Of course, the last and most serious problem is that in politics, sometimes perception IS reality. In baseball, perception of the umps can make it very hard, but it doesn't regularly erase or outweigh all effort on the field. In Lippmann's terms, in politics the pseudo-environment IS the reality as far as an election goes. In baseball, a cooked batting average doesn't get you on base any more often than an accurate one. You still actually have to throw, hit, and field the ball.

Posted by: Ben Franklin at October 7, 2004 1:21 AM | Permalink

I mistated one point: I think much of the MSM ALSO coordinates their talking points with the RNC, so the idea that they are the liberal opposition is quite difficult for me to take seriously.

Posted by: Ben Franklin at October 7, 2004 1:24 AM | Permalink

Jay,

I’m actually fine with your desire to make your profession about helping the public life of the nation. I do think it’s a bit pretentious, but I’m willing to assume I might be mistaking ambition for pretension.
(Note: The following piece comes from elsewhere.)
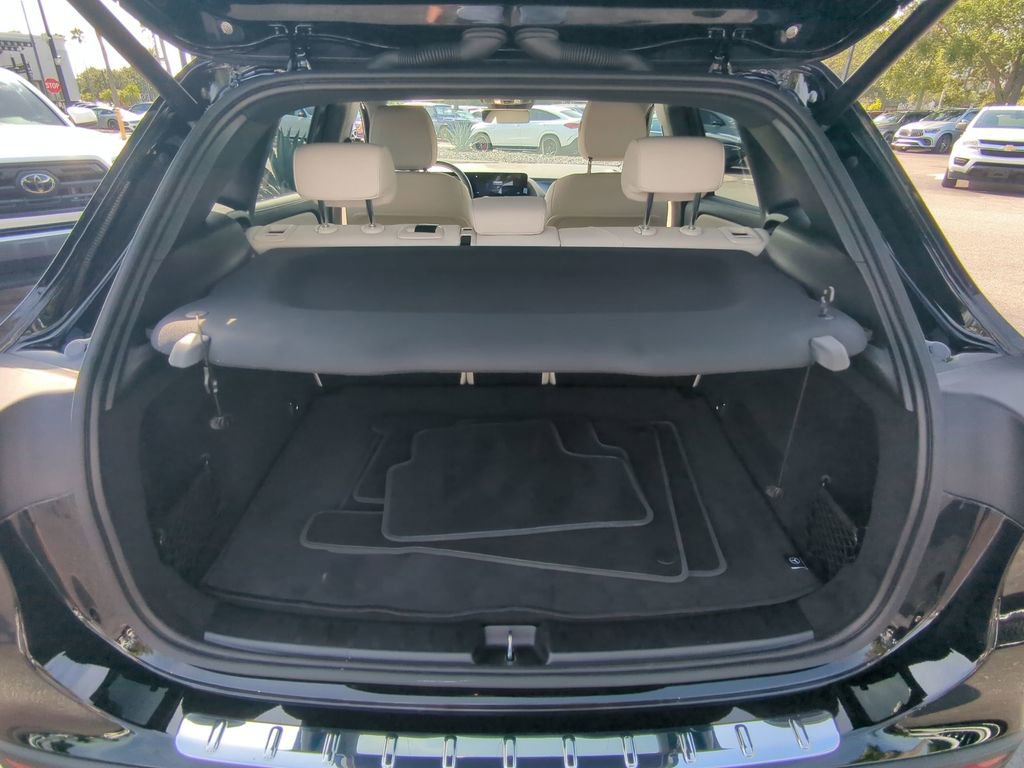 Certified 2025 Mercedes-Benz GLA 250 image 24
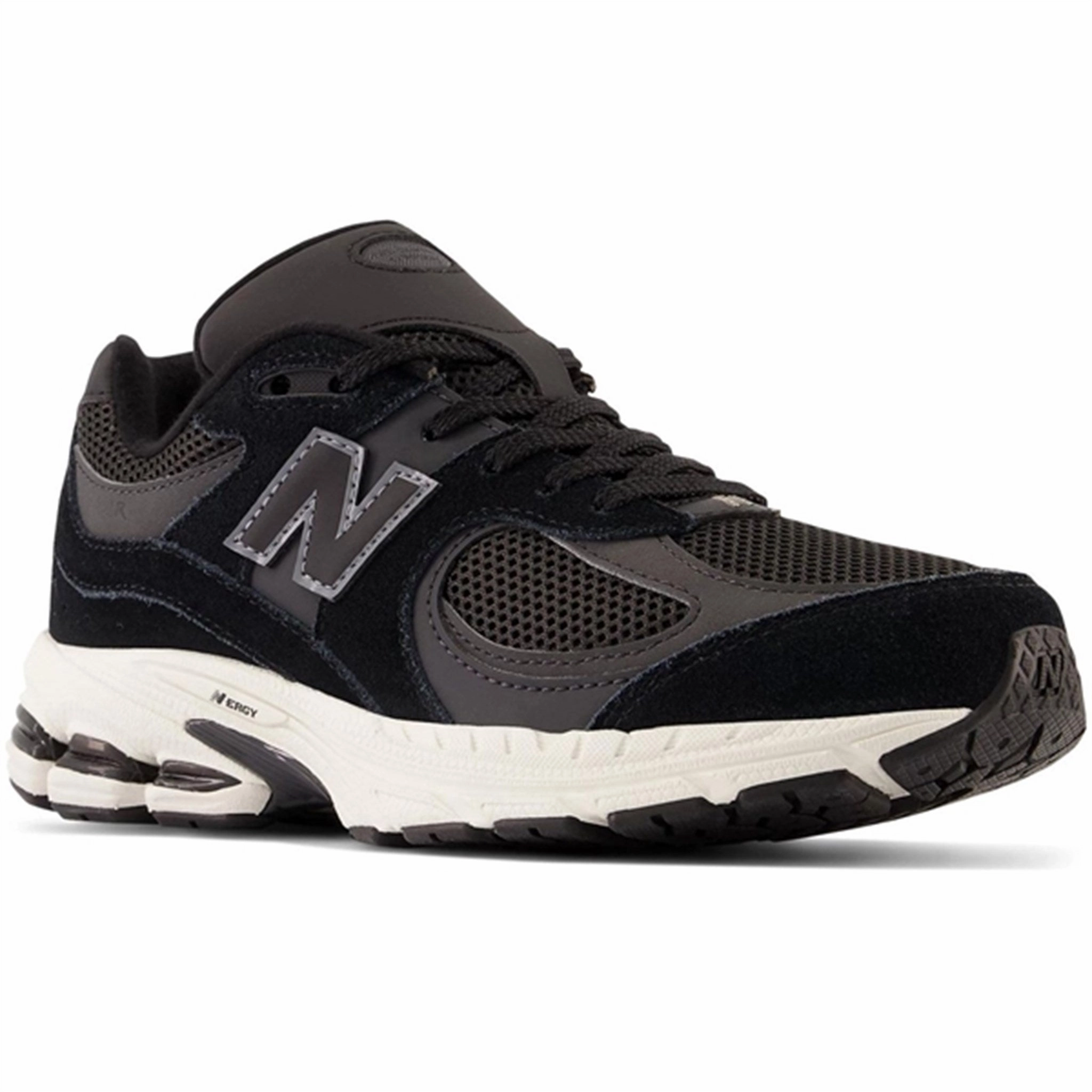New Balance 2002 Kids Sneakers Black Outdoor Vibes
Making public life better is a worthy goal, and I can imagine it makes it easier to get up and go to work in the morning if you job is more than making sure people know exactly how many traffic deaths there were last week, and who voted for the latest pork-barrel boondoggle.

But you know, sometimes the little things are important. In a democracy, making sure people know the real facts is in and of itself a massive contribution to making society work better. In fact, the View From Nowhere is an idealistic view if considered as a showcase of teamwork. You, the journalist, will do your best to lay out the truth as near as you can find it. No spin, no agendas, angles, narratives, or slants. And this is possible – the scientific community managed to do this for a few centuries (with a few cheats here and there, to be sure). You don’t have to frame the story, or use it to move society towards any particular goal, because you’re part of a team, and moving towards the goal that the truth points at is the job of other members of the team. We call them voters. Give them good information, and trust them to make the best of it.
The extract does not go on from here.